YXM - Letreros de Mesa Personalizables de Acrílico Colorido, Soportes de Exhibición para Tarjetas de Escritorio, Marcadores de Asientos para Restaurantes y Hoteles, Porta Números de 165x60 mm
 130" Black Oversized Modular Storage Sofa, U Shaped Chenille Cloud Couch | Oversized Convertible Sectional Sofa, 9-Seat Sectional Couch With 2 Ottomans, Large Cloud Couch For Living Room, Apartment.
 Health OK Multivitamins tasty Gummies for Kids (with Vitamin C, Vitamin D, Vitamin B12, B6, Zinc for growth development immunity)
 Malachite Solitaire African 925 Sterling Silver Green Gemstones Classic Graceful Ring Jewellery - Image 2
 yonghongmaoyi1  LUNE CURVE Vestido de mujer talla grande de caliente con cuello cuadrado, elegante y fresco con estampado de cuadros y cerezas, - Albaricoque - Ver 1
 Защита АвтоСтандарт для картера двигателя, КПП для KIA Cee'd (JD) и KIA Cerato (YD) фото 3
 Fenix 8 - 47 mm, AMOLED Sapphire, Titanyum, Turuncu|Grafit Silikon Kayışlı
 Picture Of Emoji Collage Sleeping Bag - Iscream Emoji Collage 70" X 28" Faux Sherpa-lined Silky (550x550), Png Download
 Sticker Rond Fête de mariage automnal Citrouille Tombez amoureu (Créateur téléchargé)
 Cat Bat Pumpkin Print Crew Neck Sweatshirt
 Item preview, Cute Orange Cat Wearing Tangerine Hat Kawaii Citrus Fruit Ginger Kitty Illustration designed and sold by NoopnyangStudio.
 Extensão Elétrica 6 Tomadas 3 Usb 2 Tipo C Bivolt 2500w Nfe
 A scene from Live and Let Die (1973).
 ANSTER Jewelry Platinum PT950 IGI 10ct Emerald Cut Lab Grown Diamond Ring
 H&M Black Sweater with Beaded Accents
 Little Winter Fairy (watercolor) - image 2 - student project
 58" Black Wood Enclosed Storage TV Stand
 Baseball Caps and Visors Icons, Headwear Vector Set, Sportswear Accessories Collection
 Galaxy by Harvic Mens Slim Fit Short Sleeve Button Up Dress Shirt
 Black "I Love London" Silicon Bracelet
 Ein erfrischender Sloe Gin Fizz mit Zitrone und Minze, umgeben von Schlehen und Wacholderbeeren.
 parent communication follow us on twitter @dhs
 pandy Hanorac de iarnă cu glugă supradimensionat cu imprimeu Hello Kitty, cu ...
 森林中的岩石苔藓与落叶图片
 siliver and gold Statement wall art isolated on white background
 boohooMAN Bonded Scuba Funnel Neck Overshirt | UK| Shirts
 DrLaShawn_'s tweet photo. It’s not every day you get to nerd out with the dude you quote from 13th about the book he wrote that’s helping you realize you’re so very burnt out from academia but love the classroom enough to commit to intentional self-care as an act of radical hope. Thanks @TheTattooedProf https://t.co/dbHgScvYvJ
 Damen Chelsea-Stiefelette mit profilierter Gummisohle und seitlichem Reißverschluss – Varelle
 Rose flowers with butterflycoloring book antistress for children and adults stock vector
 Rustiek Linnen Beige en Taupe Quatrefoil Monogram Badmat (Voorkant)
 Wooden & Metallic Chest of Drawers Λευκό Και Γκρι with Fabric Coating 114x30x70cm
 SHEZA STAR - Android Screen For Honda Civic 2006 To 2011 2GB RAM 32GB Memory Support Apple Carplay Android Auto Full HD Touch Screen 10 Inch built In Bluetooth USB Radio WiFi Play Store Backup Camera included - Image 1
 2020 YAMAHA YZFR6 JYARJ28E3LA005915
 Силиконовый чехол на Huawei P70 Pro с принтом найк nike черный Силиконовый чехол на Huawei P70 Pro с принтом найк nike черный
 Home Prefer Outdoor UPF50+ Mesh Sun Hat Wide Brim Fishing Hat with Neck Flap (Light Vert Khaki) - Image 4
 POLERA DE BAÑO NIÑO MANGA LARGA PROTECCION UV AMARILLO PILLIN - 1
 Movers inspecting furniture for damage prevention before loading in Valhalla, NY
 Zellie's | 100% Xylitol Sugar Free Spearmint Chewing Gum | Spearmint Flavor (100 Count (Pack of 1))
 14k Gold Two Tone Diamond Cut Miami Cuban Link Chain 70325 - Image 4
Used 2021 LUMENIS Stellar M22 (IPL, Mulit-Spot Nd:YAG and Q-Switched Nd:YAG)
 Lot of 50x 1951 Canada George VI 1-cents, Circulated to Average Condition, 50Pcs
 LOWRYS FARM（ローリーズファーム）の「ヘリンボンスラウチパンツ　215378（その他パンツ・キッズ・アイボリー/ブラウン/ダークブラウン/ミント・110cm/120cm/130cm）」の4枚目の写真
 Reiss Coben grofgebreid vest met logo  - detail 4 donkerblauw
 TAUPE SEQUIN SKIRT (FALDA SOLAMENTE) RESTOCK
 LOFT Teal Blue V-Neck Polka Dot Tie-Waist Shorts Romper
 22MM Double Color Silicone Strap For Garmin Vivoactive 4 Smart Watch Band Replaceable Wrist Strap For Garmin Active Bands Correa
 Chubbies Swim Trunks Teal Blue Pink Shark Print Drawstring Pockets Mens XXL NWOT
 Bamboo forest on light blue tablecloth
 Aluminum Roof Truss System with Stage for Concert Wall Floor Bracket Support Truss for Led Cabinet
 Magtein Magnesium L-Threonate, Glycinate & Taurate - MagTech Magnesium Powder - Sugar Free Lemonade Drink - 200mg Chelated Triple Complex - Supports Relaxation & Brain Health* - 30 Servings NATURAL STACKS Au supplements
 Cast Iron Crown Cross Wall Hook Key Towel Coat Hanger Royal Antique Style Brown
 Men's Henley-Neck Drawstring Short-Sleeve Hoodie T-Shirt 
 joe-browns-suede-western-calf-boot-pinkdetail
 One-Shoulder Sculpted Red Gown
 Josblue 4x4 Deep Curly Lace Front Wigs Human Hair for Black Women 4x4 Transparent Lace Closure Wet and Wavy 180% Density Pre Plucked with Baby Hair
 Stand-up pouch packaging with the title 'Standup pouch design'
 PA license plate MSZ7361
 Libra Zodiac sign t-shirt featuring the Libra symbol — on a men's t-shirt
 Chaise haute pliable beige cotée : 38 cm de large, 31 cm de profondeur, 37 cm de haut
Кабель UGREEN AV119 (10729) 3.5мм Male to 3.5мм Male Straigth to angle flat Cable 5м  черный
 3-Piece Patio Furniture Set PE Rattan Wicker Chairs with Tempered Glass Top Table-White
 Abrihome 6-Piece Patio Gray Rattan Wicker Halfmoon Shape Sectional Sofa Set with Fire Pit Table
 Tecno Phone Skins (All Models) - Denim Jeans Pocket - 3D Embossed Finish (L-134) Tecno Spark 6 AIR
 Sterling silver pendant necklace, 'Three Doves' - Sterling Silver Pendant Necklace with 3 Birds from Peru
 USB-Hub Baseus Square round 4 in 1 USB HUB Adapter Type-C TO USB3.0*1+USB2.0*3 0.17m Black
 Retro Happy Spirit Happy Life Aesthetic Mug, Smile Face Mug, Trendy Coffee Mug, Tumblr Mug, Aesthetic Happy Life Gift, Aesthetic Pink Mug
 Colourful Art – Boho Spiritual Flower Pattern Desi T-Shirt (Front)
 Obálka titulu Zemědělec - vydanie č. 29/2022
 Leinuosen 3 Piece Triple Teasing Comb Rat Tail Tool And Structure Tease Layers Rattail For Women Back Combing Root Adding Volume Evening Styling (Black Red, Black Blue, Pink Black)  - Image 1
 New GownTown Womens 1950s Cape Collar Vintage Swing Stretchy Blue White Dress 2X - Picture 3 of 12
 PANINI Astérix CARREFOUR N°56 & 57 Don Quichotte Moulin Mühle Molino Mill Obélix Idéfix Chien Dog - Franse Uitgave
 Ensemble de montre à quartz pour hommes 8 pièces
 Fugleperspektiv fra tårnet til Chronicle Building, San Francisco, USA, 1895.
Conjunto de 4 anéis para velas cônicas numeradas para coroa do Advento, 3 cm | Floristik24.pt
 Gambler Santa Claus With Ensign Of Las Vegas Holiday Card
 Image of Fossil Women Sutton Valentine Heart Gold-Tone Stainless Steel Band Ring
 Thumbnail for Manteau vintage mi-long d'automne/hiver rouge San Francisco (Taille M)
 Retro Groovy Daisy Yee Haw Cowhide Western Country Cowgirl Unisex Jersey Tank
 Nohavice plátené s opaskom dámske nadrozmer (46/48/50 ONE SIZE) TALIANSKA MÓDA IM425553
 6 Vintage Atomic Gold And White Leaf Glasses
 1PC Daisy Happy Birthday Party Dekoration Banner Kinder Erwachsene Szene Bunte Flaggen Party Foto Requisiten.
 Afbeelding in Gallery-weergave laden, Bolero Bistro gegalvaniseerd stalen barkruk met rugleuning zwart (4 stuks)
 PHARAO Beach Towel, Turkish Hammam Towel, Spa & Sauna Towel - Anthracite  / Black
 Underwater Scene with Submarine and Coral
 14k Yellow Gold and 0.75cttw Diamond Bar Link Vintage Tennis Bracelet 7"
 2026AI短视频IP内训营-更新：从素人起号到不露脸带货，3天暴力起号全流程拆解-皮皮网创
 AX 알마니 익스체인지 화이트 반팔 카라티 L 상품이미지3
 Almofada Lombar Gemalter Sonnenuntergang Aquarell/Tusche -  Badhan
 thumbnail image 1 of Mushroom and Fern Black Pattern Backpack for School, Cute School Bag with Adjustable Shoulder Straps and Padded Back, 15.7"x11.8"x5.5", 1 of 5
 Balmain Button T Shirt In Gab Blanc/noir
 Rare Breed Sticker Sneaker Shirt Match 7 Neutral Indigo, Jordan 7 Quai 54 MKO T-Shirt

* WHAT TO DO
Give the number of lines in this material that include the string "Link", with no other text.

* EXERCISE RESPONSE
2